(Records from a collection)
[Start of section]

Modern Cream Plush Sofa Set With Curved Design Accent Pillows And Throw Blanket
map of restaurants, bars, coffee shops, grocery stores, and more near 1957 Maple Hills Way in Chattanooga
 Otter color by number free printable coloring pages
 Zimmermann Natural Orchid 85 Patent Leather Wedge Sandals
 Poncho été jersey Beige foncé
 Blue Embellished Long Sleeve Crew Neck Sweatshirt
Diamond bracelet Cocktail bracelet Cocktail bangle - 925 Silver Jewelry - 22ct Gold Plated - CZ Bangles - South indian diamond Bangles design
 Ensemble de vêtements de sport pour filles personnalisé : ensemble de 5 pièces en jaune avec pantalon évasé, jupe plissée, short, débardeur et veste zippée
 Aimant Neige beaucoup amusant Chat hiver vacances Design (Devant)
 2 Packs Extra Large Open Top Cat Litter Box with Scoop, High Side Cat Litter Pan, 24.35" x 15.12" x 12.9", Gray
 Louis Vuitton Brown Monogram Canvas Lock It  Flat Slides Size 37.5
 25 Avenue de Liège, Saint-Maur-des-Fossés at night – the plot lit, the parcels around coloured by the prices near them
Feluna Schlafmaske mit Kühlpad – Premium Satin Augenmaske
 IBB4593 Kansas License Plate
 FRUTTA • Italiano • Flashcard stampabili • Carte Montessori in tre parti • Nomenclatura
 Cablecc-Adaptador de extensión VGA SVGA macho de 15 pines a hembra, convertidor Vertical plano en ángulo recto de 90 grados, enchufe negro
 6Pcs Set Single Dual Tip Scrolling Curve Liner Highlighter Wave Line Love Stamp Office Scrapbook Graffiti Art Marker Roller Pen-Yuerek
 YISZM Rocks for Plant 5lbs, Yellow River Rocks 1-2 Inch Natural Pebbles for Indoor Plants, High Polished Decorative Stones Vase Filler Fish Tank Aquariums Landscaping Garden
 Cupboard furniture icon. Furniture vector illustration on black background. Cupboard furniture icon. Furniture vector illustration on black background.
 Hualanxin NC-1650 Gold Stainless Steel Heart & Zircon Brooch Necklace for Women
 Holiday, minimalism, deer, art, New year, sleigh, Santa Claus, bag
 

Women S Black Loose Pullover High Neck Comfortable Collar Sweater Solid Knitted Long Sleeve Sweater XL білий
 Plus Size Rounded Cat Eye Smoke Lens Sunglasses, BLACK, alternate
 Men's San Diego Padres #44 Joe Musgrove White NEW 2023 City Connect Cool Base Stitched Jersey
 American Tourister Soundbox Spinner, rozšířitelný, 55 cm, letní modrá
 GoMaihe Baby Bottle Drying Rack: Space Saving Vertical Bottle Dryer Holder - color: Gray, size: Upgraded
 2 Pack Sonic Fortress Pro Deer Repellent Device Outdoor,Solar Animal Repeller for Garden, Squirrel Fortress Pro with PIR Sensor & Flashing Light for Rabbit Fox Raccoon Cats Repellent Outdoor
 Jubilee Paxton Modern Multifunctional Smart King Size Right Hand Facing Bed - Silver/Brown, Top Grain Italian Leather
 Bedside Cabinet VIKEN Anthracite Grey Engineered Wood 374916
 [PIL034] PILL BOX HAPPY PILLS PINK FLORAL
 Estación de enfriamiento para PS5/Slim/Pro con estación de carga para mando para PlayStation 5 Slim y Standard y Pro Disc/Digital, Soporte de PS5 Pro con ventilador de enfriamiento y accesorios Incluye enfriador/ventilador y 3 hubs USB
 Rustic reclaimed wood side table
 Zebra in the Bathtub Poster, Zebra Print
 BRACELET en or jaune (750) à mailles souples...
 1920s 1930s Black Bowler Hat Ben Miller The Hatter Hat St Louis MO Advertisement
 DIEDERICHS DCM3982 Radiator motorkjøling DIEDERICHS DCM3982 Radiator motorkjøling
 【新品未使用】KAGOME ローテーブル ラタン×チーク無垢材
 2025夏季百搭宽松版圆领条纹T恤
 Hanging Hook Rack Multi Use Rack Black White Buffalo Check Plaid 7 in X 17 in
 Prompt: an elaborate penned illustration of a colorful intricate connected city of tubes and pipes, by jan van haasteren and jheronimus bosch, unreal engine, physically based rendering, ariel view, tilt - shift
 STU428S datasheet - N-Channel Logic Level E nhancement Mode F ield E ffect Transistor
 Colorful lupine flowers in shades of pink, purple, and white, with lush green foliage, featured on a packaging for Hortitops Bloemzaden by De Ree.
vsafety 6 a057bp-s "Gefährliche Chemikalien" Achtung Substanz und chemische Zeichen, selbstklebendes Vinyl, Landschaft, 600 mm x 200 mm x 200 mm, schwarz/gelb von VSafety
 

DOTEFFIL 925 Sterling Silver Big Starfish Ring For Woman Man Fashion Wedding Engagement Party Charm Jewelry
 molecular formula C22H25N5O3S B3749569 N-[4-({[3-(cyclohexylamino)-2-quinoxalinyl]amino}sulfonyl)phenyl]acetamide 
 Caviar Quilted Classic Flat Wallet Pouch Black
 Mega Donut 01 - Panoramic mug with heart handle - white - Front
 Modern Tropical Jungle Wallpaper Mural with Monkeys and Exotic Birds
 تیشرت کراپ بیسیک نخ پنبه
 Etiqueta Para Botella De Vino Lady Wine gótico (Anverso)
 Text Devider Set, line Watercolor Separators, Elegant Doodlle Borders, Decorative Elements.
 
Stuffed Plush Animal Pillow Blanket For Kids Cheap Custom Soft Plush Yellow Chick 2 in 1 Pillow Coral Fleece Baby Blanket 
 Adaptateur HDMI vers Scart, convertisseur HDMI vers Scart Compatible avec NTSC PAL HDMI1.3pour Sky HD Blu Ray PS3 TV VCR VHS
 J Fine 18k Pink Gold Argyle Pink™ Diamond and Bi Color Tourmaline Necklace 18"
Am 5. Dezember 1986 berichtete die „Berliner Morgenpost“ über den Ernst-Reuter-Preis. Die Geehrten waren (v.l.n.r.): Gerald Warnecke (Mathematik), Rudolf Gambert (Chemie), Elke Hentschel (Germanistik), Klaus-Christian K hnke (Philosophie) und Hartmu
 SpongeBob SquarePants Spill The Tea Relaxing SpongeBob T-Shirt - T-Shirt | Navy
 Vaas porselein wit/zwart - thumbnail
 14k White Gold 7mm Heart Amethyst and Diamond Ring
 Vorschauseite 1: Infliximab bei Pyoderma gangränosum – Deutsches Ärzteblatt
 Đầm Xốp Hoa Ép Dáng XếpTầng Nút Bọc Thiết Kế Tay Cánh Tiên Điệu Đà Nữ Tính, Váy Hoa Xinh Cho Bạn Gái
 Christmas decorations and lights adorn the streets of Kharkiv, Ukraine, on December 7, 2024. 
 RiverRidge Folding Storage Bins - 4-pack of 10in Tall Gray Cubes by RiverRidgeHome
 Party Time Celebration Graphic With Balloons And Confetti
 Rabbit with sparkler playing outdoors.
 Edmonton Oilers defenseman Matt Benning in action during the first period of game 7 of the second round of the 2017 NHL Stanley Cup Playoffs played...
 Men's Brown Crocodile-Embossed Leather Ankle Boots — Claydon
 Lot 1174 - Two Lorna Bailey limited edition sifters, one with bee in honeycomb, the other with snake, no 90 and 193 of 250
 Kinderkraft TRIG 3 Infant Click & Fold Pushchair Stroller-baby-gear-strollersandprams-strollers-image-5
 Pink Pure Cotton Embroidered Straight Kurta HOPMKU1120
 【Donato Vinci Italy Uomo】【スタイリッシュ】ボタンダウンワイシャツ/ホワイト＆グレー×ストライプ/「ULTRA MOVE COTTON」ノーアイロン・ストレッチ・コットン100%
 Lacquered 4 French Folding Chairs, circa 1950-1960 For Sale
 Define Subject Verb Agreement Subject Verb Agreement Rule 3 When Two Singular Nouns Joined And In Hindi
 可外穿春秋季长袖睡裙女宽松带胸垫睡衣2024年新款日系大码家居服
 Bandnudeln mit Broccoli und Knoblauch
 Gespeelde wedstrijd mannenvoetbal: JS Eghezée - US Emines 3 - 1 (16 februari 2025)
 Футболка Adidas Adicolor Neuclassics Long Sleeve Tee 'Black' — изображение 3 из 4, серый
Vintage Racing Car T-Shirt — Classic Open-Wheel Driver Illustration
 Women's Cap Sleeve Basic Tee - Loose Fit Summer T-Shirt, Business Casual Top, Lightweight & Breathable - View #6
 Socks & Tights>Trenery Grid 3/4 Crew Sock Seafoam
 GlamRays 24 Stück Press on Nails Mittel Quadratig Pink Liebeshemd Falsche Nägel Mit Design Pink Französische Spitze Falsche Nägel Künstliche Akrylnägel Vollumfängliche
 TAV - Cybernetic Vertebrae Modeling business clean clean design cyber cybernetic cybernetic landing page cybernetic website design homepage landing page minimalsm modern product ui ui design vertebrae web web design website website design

[End of section]

▶ [WHAT THE TASK REQUIRES]: Among the records above, extract exactly the lines from the line with "black background. Cupboard" to the line with "Prompt: an elaborate", both lines included, and leave out the rest.

▶ [OUTPUT OF THE TASK]:
 Cupboard furniture icon. Furniture vector illustration on black background. Cupboard furniture icon. Furniture vector illustration on black background.
 Hualanxin NC-1650 Gold Stainless Steel Heart & Zircon Brooch Necklace for Women
 Holiday, minimalism, deer, art, New year, sleigh, Santa Claus, bag
 

Women S Black Loose Pullover High Neck Comfortable Collar Sweater Solid Knitted Long Sleeve Sweater XL білий
 Plus Size Rounded Cat Eye Smoke Lens Sunglasses, BLACK, alternate
 Men's San Diego Padres #44 Joe Musgrove White NEW 2023 City Connect Cool Base Stitched Jersey
 American Tourister Soundbox Spinner, rozšířitelný, 55 cm, letní modrá
 GoMaihe Baby Bottle Drying Rack: Space Saving Vertical Bottle Dryer Holder - color: Gray, size: Upgraded
 2 Pack Sonic Fortress Pro Deer Repellent Device Outdoor,Solar Animal Repeller for Garden, Squirrel Fortress Pro with PIR Sensor & Flashing Light for Rabbit Fox Raccoon Cats Repellent Outdoor
 Jubilee Paxton Modern Multifunctional Smart King Size Right Hand Facing Bed - Silver/Brown, Top Grain Italian Leather
 Bedside Cabinet VIKEN Anthracite Grey Engineered Wood 374916
 [PIL034] PILL BOX HAPPY PILLS PINK FLORAL
 Estación de enfriamiento para PS5/Slim/Pro con estación de carga para mando para PlayStation 5 Slim y Standard y Pro Disc/Digital, Soporte de PS5 Pro con ventilador de enfriamiento y accesorios Incluye enfriador/ventilador y 3 hubs USB
 Rustic reclaimed wood side table
 Zebra in the Bathtub Poster, Zebra Print
 BRACELET en or jaune (750) à mailles souples...
 1920s 1930s Black Bowler Hat Ben Miller The Hatter Hat St Louis MO Advertisement
 DIEDERICHS DCM3982 Radiator motorkjøling DIEDERICHS DCM3982 Radiator motorkjøling
 【新品未使用】KAGOME ローテーブル ラタン×チーク無垢材
 2025夏季百搭宽松版圆领条纹T恤
 Hanging Hook Rack Multi Use Rack Black White Buffalo Check Plaid 7 in X 17 in
 Prompt: an elaborate penned illustration of a colorful intricate connected city of tubes and pipes, by jan van haasteren and jheronimus bosch, unreal engine, physically based rendering, ariel view, tilt - shift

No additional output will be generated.